Шеф надевает очки.
— Но мы не можем совсем не давать некролог. Умер наш сотрудник, наш товарищ...
— Конечно, не можем, — поддакиваю я.
Шеф снимает очки и, щурясь, внимательно изучает меня. Появляется ощущение, что застегнуты не все пуговицы на брюках. Наконец он говорит назидательно:
— Некрологи публикуются, чтобы вызывать в людях память о человеке. Умер наш сотрудник, наш товарищ, и, значит, некролог, что вы написали, наша память о нем. Некролог — это статья, содержащая сведения о жизни и смерти человека...
В такие минуты он здорово напоминает вышедшего из-под пера Гашека полковника Циллергута, одержимого страстью разъяснять окружающим самые обыкновенные веши. Подобным образом редактор способен рассуждать бесконечно, поэтому Амиран все тем же спокойным тоном прерывает его:
— Если через две минуты некролог не попадет в цех, будут неприятности с типографией.
Шеф надевает очки, снова снимает, чертыхается, снова надевает, ставит, где положено, закорючку подписи и вяло машет рукой: несите, мол.

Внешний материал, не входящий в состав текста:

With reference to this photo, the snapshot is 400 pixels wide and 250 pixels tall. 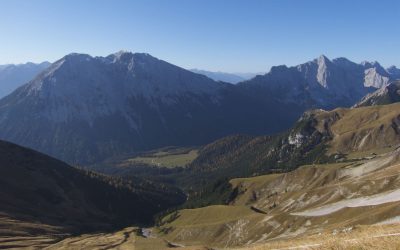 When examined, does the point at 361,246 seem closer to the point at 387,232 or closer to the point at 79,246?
the point at 387,232

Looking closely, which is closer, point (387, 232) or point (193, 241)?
point (387, 232)

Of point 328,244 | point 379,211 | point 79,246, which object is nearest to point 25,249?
point 79,246

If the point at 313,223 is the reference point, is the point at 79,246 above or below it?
below

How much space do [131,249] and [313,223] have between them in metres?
72.8

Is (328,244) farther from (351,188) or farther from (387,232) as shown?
(351,188)

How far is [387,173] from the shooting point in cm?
16150

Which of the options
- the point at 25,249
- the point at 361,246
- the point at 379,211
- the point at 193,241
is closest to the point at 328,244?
the point at 361,246

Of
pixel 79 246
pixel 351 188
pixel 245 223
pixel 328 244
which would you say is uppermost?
pixel 328 244

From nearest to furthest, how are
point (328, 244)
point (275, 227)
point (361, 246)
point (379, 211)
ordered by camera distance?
point (361, 246)
point (328, 244)
point (379, 211)
point (275, 227)

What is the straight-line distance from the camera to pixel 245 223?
171750mm

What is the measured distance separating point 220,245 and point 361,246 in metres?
128

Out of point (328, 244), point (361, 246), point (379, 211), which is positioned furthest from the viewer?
point (379, 211)

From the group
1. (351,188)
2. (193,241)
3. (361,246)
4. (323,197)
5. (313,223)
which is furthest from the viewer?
(193,241)

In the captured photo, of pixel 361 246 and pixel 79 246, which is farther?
pixel 79 246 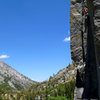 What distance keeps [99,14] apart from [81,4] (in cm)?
747

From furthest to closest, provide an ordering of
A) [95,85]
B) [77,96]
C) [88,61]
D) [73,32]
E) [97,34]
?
[73,32]
[77,96]
[88,61]
[95,85]
[97,34]

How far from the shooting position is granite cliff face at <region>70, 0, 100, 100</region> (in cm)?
1445

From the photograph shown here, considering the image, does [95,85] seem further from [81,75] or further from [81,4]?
[81,4]

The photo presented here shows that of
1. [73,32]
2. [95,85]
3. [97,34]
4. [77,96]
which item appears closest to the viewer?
[97,34]

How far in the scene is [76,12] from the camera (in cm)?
1820

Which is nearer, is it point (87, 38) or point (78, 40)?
point (87, 38)

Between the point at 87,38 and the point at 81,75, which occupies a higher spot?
the point at 87,38

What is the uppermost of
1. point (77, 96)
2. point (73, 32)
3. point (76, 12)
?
point (76, 12)

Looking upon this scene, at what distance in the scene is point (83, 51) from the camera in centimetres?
1656

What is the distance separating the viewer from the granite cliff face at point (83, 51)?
47.4ft

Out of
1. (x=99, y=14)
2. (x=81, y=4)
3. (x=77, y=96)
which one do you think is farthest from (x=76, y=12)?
(x=77, y=96)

Мы с трудом удерживаемся от смеха.
В нашей комнате инициативный Шурик составляет список сотрудников для сбора денег «на Толю», в столбик пишет фамилии. Вдруг подскакивает, как ужаленный. Одиннадцатым в столбике, как и положено по алфавиту, он машинально записал Ножкина.

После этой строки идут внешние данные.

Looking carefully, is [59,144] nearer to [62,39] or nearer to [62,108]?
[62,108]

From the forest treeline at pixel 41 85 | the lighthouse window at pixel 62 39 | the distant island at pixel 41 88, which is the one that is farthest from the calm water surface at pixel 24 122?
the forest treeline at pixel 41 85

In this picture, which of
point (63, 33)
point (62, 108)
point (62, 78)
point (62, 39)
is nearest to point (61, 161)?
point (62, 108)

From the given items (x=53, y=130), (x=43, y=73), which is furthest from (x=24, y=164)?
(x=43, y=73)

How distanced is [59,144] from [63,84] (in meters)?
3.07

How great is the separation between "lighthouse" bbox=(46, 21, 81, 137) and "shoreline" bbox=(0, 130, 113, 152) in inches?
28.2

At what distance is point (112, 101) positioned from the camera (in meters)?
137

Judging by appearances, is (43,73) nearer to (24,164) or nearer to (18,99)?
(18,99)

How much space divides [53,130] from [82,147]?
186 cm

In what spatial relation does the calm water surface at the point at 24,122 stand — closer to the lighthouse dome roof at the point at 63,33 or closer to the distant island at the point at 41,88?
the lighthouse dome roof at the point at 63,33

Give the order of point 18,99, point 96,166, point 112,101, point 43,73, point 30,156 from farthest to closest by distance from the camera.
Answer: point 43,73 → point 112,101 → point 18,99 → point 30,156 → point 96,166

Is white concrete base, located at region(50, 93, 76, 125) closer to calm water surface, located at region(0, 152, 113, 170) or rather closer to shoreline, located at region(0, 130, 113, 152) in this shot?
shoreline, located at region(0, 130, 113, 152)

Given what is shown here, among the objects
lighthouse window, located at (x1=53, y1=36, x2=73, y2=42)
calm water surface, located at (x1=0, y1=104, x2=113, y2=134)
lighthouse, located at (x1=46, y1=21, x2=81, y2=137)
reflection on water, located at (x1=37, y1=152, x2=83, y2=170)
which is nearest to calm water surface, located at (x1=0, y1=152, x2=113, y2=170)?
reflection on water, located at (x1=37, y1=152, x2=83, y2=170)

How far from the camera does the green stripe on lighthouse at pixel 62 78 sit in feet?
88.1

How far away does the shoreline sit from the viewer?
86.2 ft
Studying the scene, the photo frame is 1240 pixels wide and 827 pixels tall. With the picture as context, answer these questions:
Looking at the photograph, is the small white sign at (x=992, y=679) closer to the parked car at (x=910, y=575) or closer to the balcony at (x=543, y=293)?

«Толю не вернешь, а жизнь продолжается». Я все жду, что кто-нибудь, исполнившись философичности, произнесет эти слова, но пока мои ожидания не оправдываются.
А жизнь, как бы то ни было, продолжается. И надо работать. И я пишу — тот самый очерк, что должен был написаться еще при жизни Толи. Редактор сегодня осведомлялся о его судьбе. Я ответил: «У машинистки». Очерк и в самом деле сейчас печатается; я печатаю сам, доканчиваю восьмую страницу, без мудрствования и натуги. Если ничего не помешает, требуемые пятьсот строк лягут через час на стол Амирана. Каждая будет честна, и все же, вместе взятые, они не выразят того, что я мог, но не сумел сказать.
На девятой странице входит Пониматель, садится рядом.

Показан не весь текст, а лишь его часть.